Action item » The reply should hold only the lines below beginning at the one with "Artificial nail extensions" and ending at the one with "A-Line Satin Three-Quarter", copied exactly, with every picture left out.

Task inputs »
◆ ◆ ◆ ◆ ◆ ◆ ◆

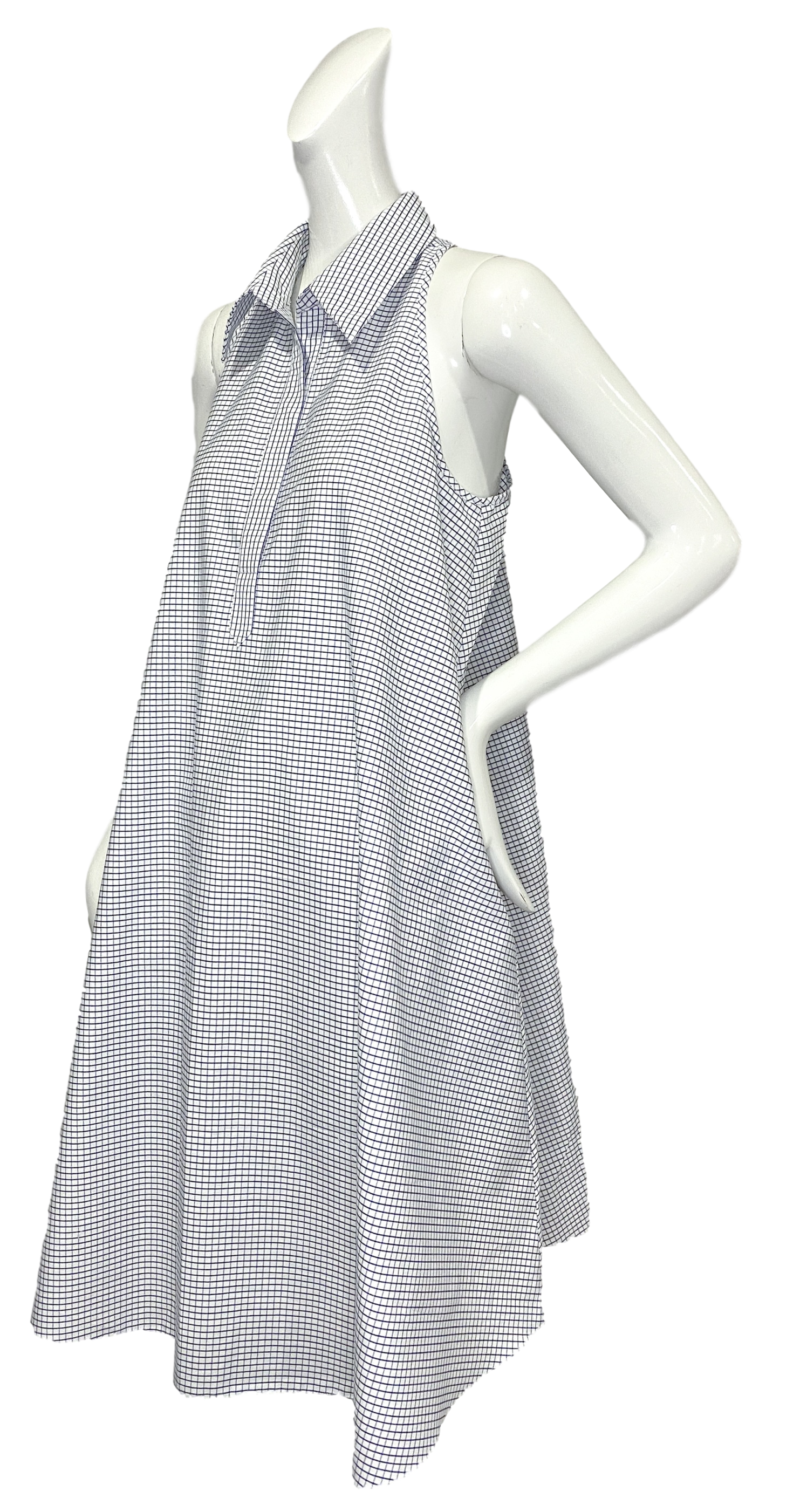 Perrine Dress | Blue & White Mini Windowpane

◆ ◆ ◆ ◆ ◆ ◆ ◆

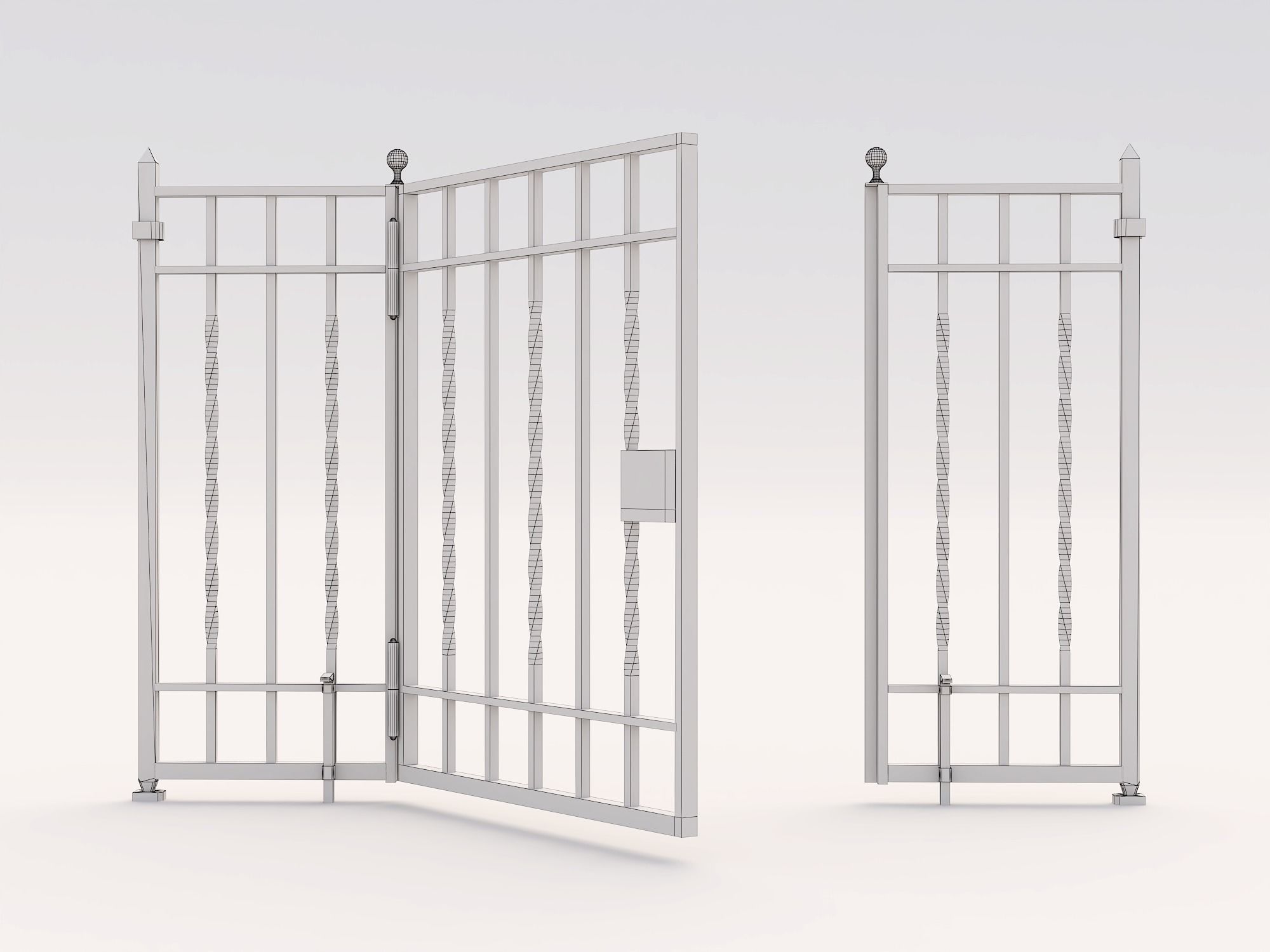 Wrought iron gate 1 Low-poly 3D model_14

◆ ◆ ◆ ◆ ◆ ◆ ◆

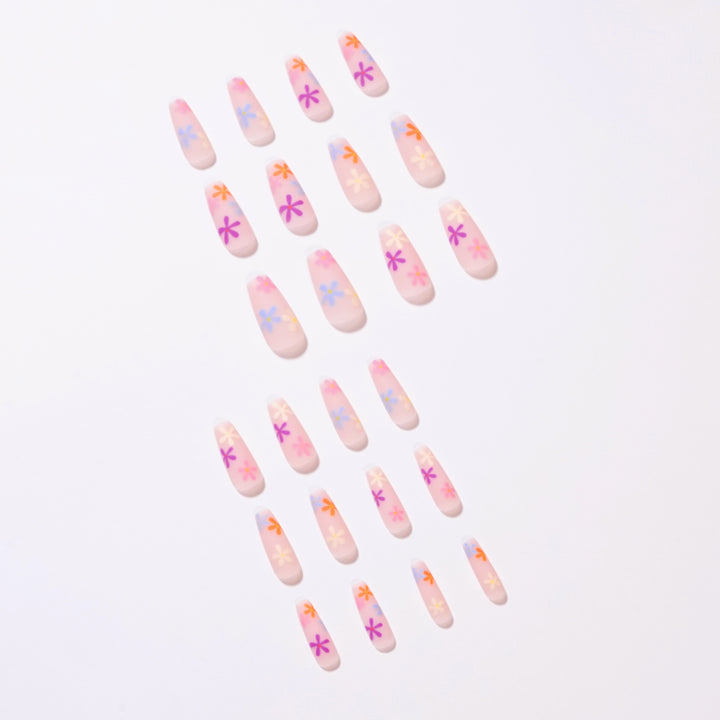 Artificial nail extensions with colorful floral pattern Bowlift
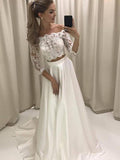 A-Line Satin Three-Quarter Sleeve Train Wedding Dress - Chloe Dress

◆ ◆ ◆ ◆ ◆ ◆ ◆

Result below »
 Artificial nail extensions with colorful floral pattern Bowlift
 A-Line Satin Three-Quarter Sleeve Train Wedding Dress - Chloe Dress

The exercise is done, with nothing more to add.